A decription of what I experience rather than hear gets much closer to what I want to convey. Dynamic Design is so captivatingly natural sounding. Their nuance is a deceptive part of their invitation, especially these TBK nebulae (the Heritage AE15 and Titania, too, though)  - an invitation to turn away from studying and just delight in the journey.

I'm finally (and once again) transported to a fully involved purely musical state without noticing or caring about any deficit - listening to the music and not the equipment (finally, reprise). I really haven't listened for detail, or been driven to, in most of my reference tracks because I'm so swept away by the PRaT and presence. A gentle giant.

Anyway, for me, the most important aspect to achieve has been 'musicality', whatever that ineffable quality is for each listener, and I've always said I'll trade detail and (over)articulation for that any time. And these DD help provide exactly that experience in spades.

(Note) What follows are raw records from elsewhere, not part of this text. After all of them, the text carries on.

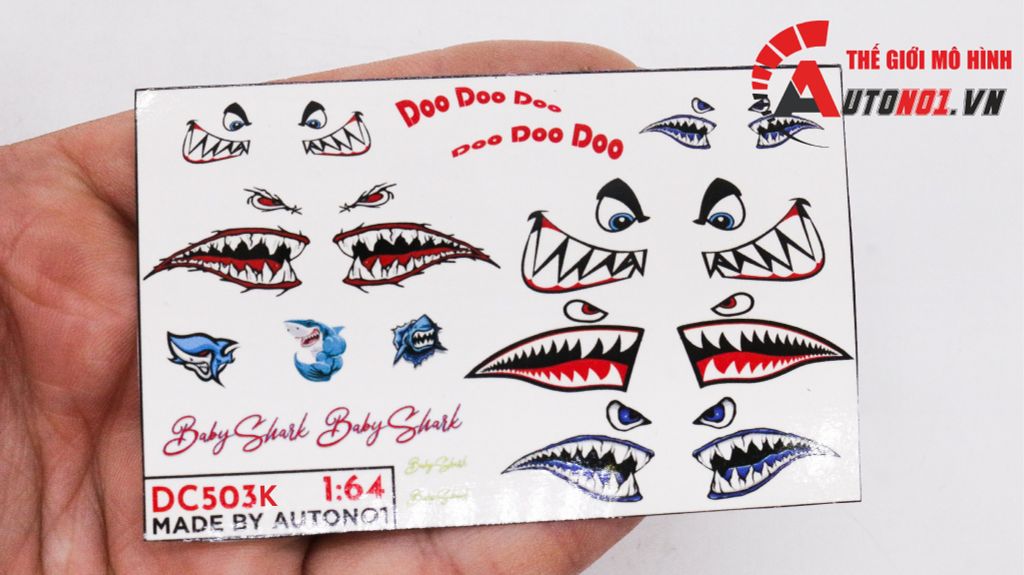 DECAL NƯỚC CÁ MẬP - BABY SHARK 1:64 AUTONO1 DC503K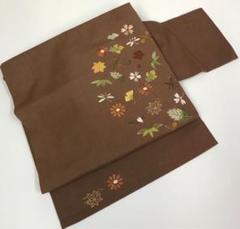 正絹 名古屋帯 ヨーロピアン図案 金彩 刺繍 ブラウン地 逸品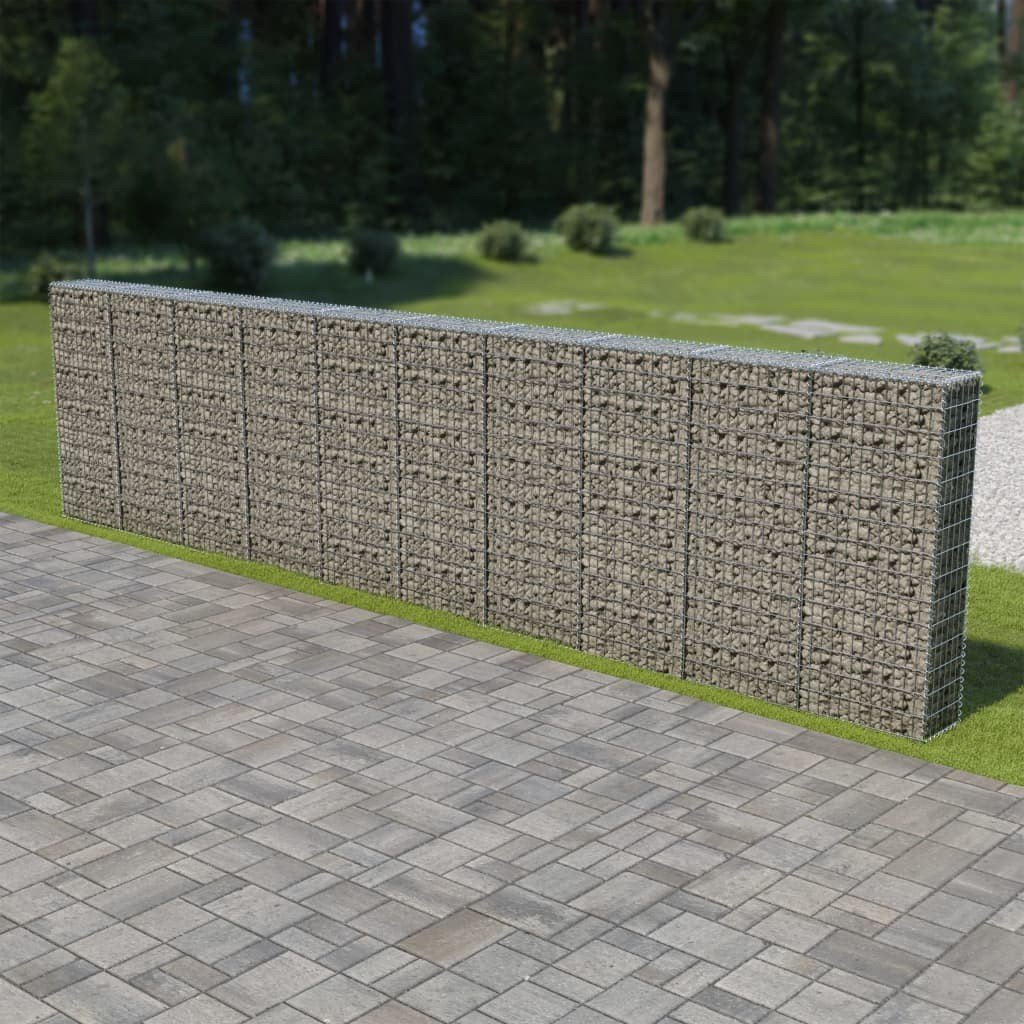 Gabion ogrodowy z pokrywą VIDAXL, srebrny, 30x150x600 cm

As a card carrying member of this club and it's dis-ease, that feeling is fleeting and now I noticed an odd vertical collapse of my soundstage but 40% or so - it's happened before and a tube going wonky has generally been the culprit, so the search is on! My AMR is on deck and I need a spare set of 6SN7's to switch out on the Syrah...

But I digress....

@budburma those Sterlings are no slouch, I'm certain they sound wonderful! My Eatons are good enough for me, huge standmounters...like you, the larger much more expensive Tannoys are way over my budget, and I cannot fit them in my room...so I'm content with the Eatons for now. 

This business about the best Tannoys being the ones with the alnico magnets and pepper pot tweeters often gets mentioned, but is it really true?

 

When I compared my 1970s Berkeley’s (alnico/ pepper pot) with their predecessors in my system, the slim floorstanding Revolution 3s from around 2003, I found them to be remarkably similar in sound despite being entirely different in size and design.

The main sonic differences I detected were the size of scale and the sheer ease of the sound. In the end, it’s this sheer ease of sound that’s most pleasing to me.

A good analogy might be to say it’s like comparing a family Toyota with a Lexus.